For our purposes, the term AI applies to programmes that simulate human cognitive abilities as well as those that process and apply the information captured. Natural language processing (NLP) and speech and image recognition applications are examples of AI. NLP seeks to understand written language texts. Speech recognition — say, turning voices or spoken language into text — is a related field. Image processing is another parallel field and is often referred to as image recognition or computer vision.
As a discipline, AI is fast-evolving and so is its definition. Applications that counted as AI just a few years ago, optical character recognition, or OCR, for example, may no longer.

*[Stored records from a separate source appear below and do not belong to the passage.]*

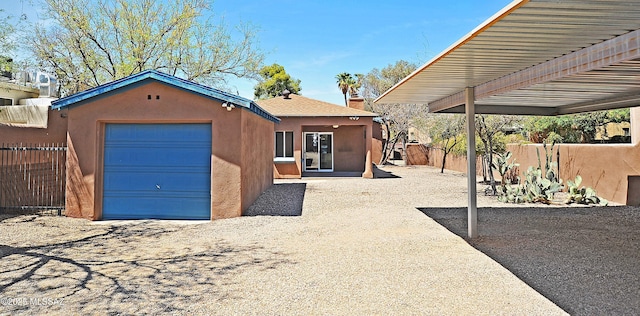 2422 E Drachman St, Tucson, AZ 85719 - view of front of property with stucco siding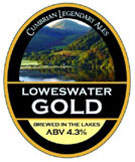 image of the logo of the Loweswater brewery, one of the most famous Lake District breweries
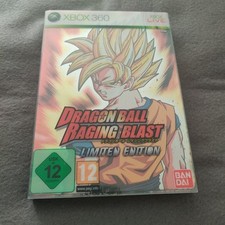 Usado, Dragon Ball: Raging Blast-Limited Edition (Microsoft Xbox 360, 2009) Spiel Game comprar usado  Enviando para Brazil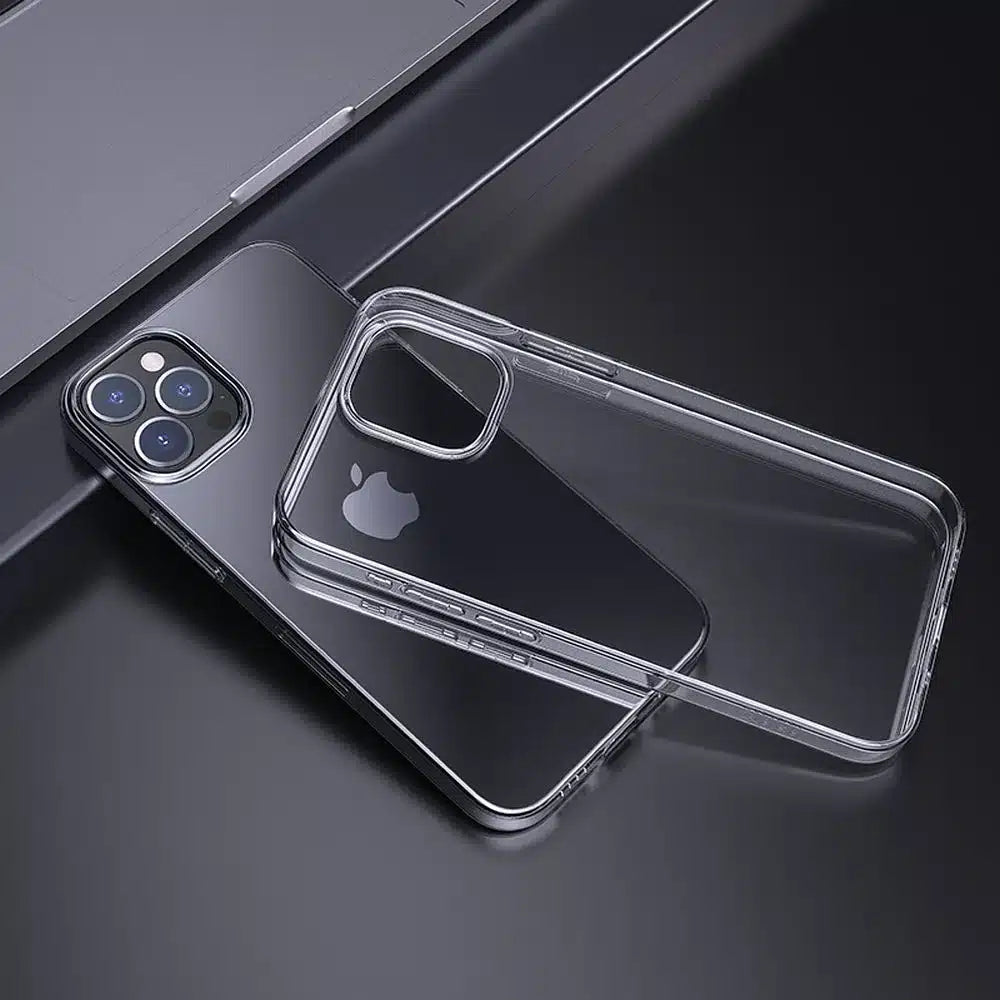 HOCO Light serija TPU maska za IPHONE 15 PRO MAX prozirna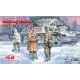 Збірна модель 1:35 Фігури піхота Червоної Армії (1939-1942) ICM 35051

The term machine learning was coined in 1959 by computer scientist Arthur Samuel in reference to “a field of study that gives computers the ability to learn without being explicitly programmed.” Machine learning applications are AI programmes that can write additional programmes themselves to interpret input and predict output.
While machine learning may be a new term that many investment managers have only recently encountered, neural network is a related concept that finance professionals, particularly quants, may be more familiar with. A neural network is a form of machine learning inspired by how human brains process information.
Deep learning is among the hottest buzz words today. Many claim deep learning’s emergence has revitalized AI research. Deep learning is basically multi-layer neural networks: programmes that process the initial input in multiple stages to generate the final output, at each stage taking the output of the last stage as the input. It is reminiscent of how we tend to break down complex tasks into a series of smaller steps.
Together with the increase in computing power and the avalanche of data now available, advances in deep learning techniques have helped bring about the AI spring we are experiencing today.
Where are we on the journey of building a ‘seeing, hearing, and understanding’ machine?
AI terminology and methods will continue to evolve. For example, Yann LeCun has recently proposed that the term differential programming should replace deep learning. What really matters for investment professionals are the toolkits these innovations have made available to us.
AI technology has made tremendous progress in the last 12 months and many more tools are now at programmers’ disposal. Last month, Google debuted the Cloud AutoML platform that puts the power of machine learning in more programmers’ hands. More machines will be able to see, hear, and understand.
The next big push will be applying AI across industries.
In the words of numerous industry heavyweights, AI is the new electricity.
I have no doubt it will light up many bulbs.